Within days of the launch of a project for volunteers to identify candidates for the ninth planet, four possibilities have already been found. Even if none of these turn out to be the hypothetical planet, the search has proven exceptionally scientifically valuable and there is still more searching to be done.
Professor Brian Cox launched the Australian National University's Planet Nine search on March 28, giving anyone with access to the Internet the chance to pick through images taken by the SkyMapper telescope in search of something moving slowly enough to be at the outer edges of the Solar System. It follows on from a similar project started a month earlier to cover Northern Hemisphere skies.
The response was swift and impressive. Within days 60,000 people had classified more than 4,000,000 objects, and lead researcher Dr Brad Tucker is confident the work is good. “We’ve detected minor planets Chiron and Comacina, which demonstrates the approach we’re taking could find Planet 9 if it’s there,” Tucker said in a statement. The team also rediscovered Pluto, although that still doesn't make it a planet.
The images used had been sitting unstudied for up to four years, and professional astronomers would have taken years to complete it. Tucker singled out a volunteer named Tony Roberts, who classified 12,000 observations, for praise.
The vast majority of the objects detected were either asteroids already familiar to astronomers, or could be ruled out as possible Planet Nines for other reasons. Some were space junk. Nevertheless, plenty of scientific gold was dug up. “We think we've got at least one PhD's worth out of two and a half day's work. We found several Earth-orbit crossing asteroids,” Tucker told IFLScience, which he noted dryly, “could be important for other reasons.”

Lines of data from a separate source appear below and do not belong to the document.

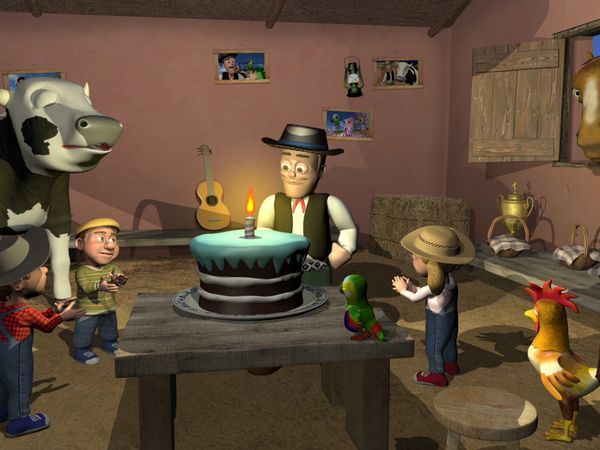 O Reino Infantil - Episódio 234
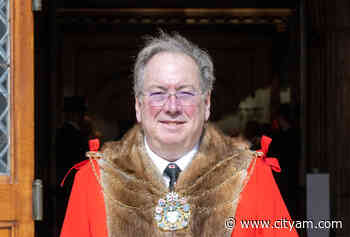 Lord Mayors show set for disruption as TfL shuts City tube lines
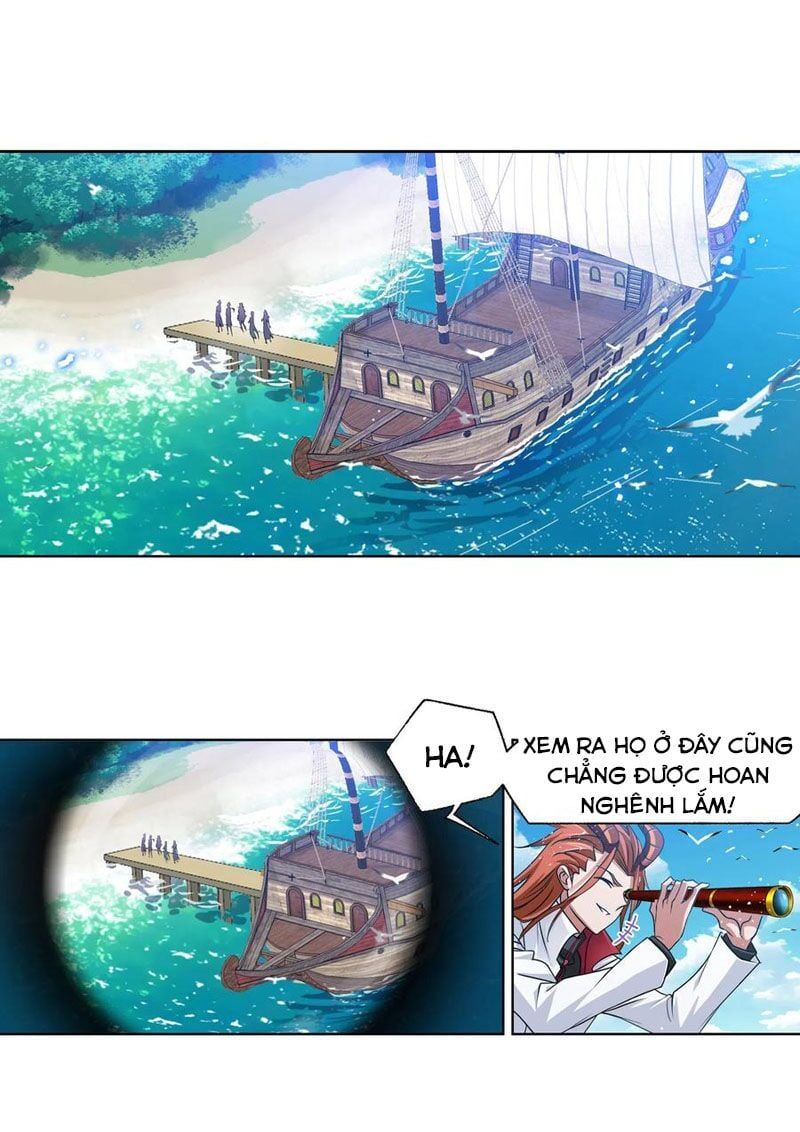 đọc truyện Đấu La Đại Lục Chương 280 ảnh 27 tại Giả Dược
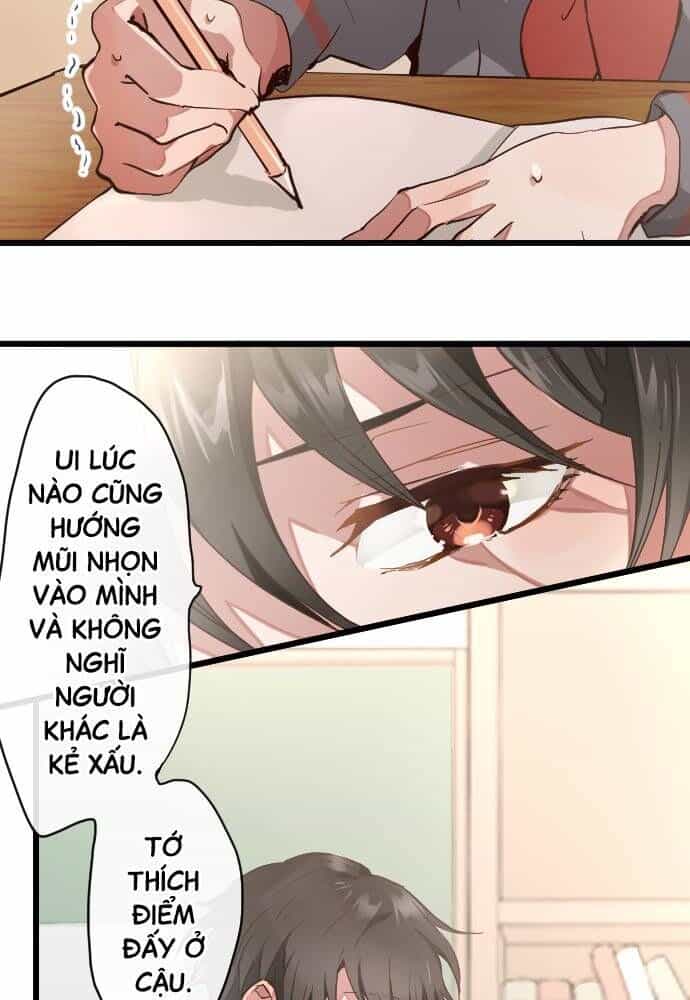 Hoa Cánh Sao - Chương 114 - ảnh 36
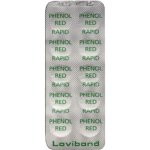 ASTRALPOOL PHENOL RED náhradní tablety na měření pH 10ks – Zboží Dáma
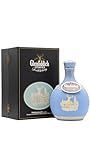 Glenfiddich - Wedgwood Jasper Decanter (75cl) - 1966 21 year old Whisky 75cl 43% ABV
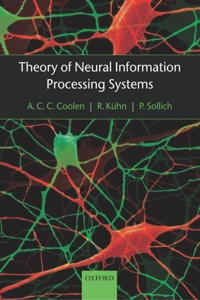 Theory of neural information processing systems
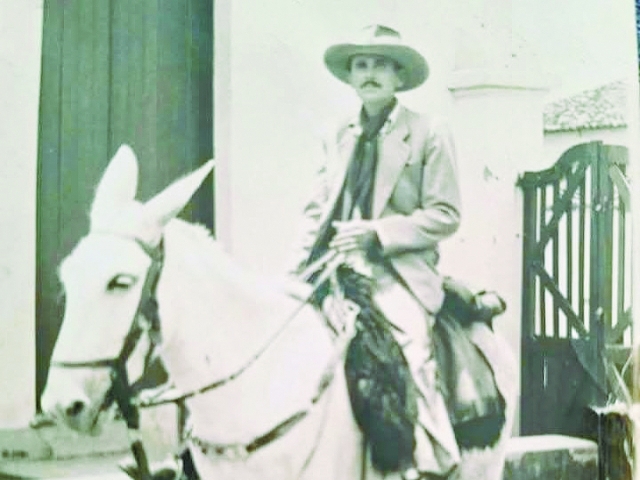 O tropeirismo atravessou séculos encontrou declínio com as ferrovias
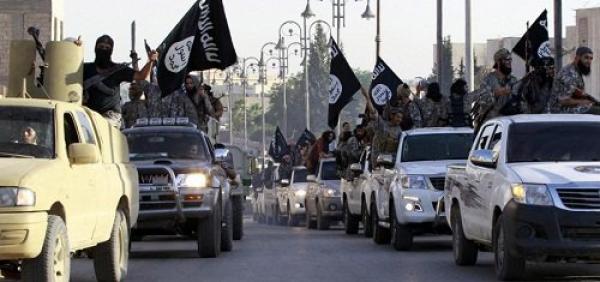 البنتاغون يعتمد مسمى جديد لـ"الدولة الإسلامية"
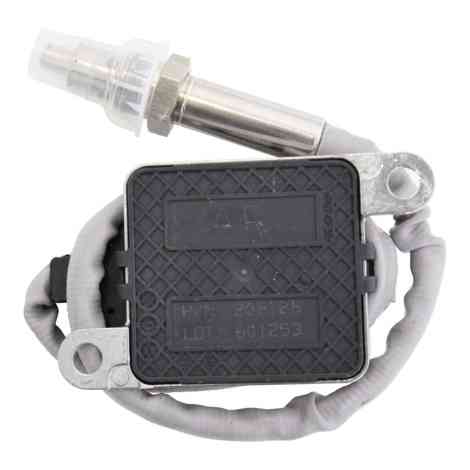 Detroit Nox Sensor Top View.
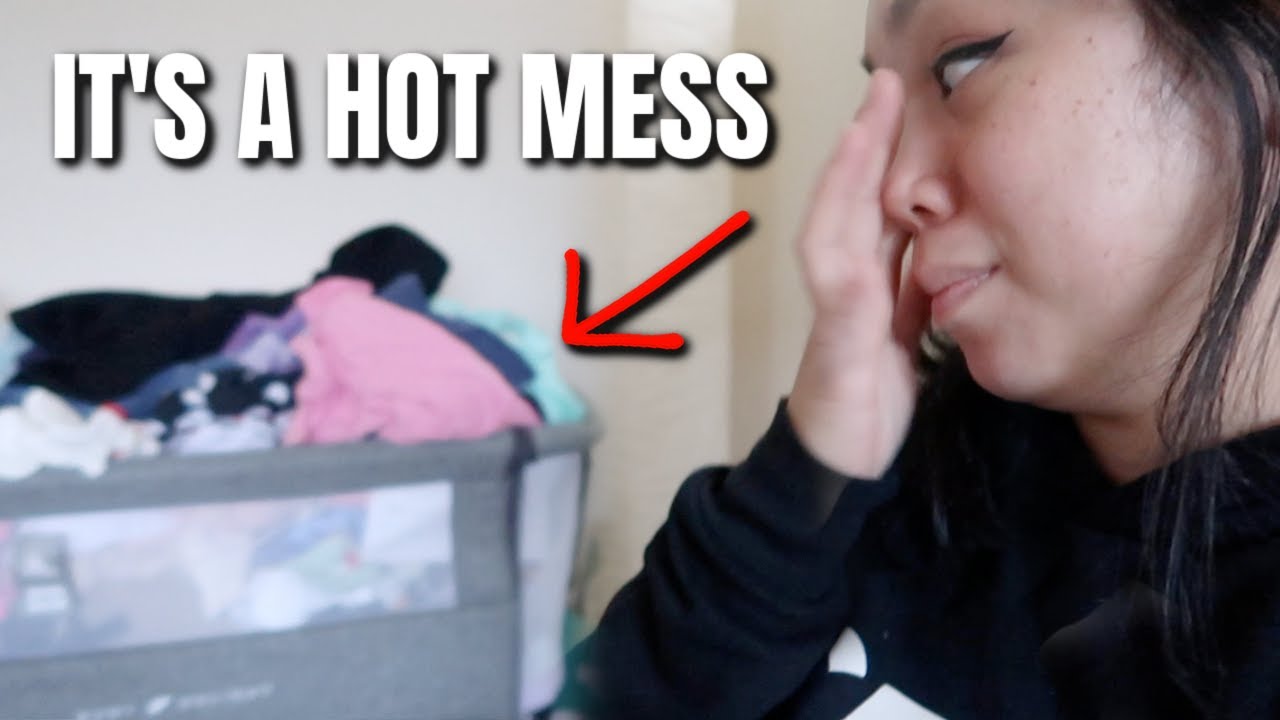 Getting Ready for the Baby! - @itsJudysLife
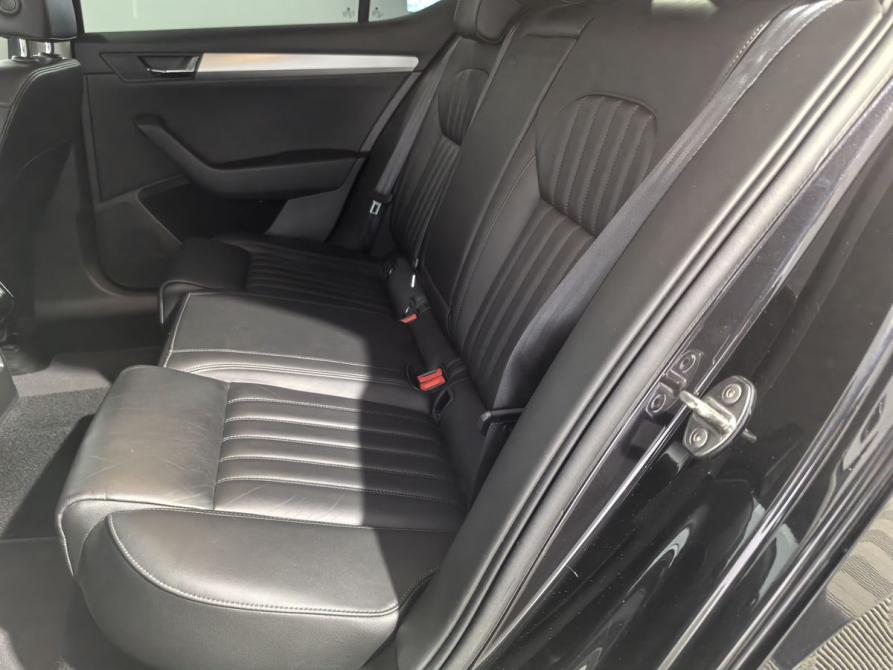 Skoda Superb III Санкт-Петербург  - изображение 14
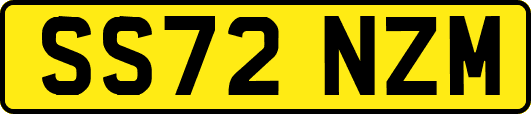 SS72NZM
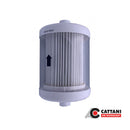 Filtre Turbo-Jet 1,2 PAL et filtre indèpendant  - Cattani - Safe Implant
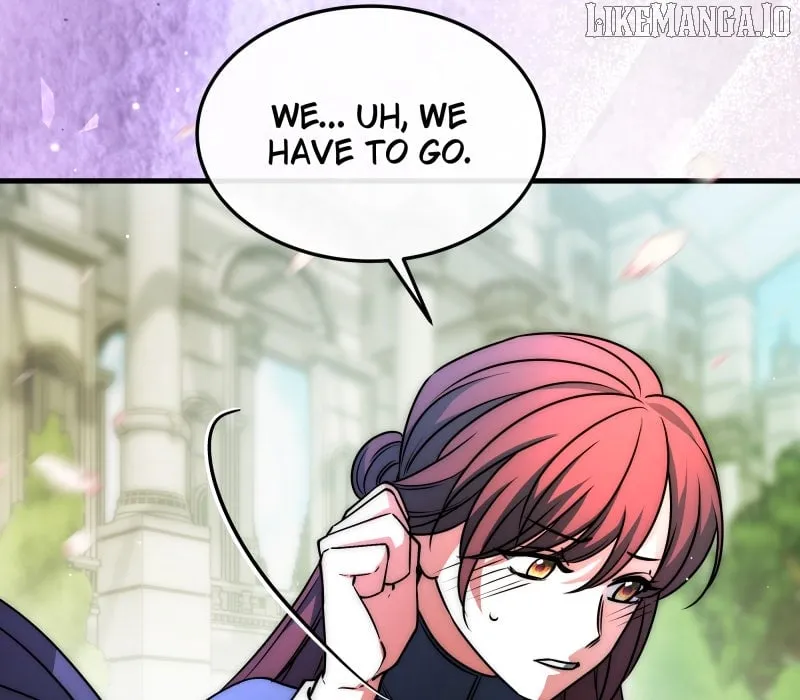 Till Crimes Do Us Part Chapter 27 page 32 - 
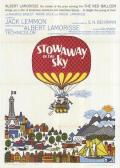 气球漫游记 / Stowaway in the sky,气球上的旅行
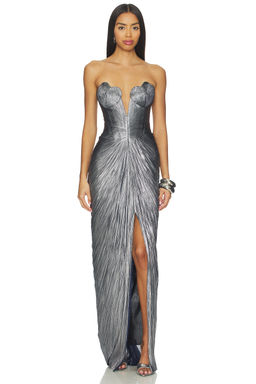 Maria Lucia Hohan - x REVOLVE Reina Dress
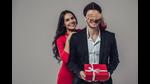 Love bombing is a control tactic where a partner exaggerates how they feel about someone (Pic:Shutterstock) Love bombing is a control tactic where a partner exaggerates how they feel about someone (Pic:Shutterstock)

So far 90 percent of the southern skies have been examined to a brightness of 19th magnitude. That means that if Planet Nine exists and is the size of Neptune or larger, and is within 350 Astronomical Units of the Sun, it should have been detected. That doesn't mean the task is over. SkyMapper is sensitive enough that detections have been made down to a magnitude of 21.7, and Tucker hopes if people keep heading over to Planet-9 on Zooinverse they can eventually pick up anything brighter than 22nd magnitude in the southern skies – extending the search to a much greater distance.
Tucker told IFLScience, Skymapper would be used to try to “recapture” the four objects of interest, after which a slightly larger telescope may be used to capture their spectrum. If any of these look like gas giants, time will be sought on one of the world's giant telescopes.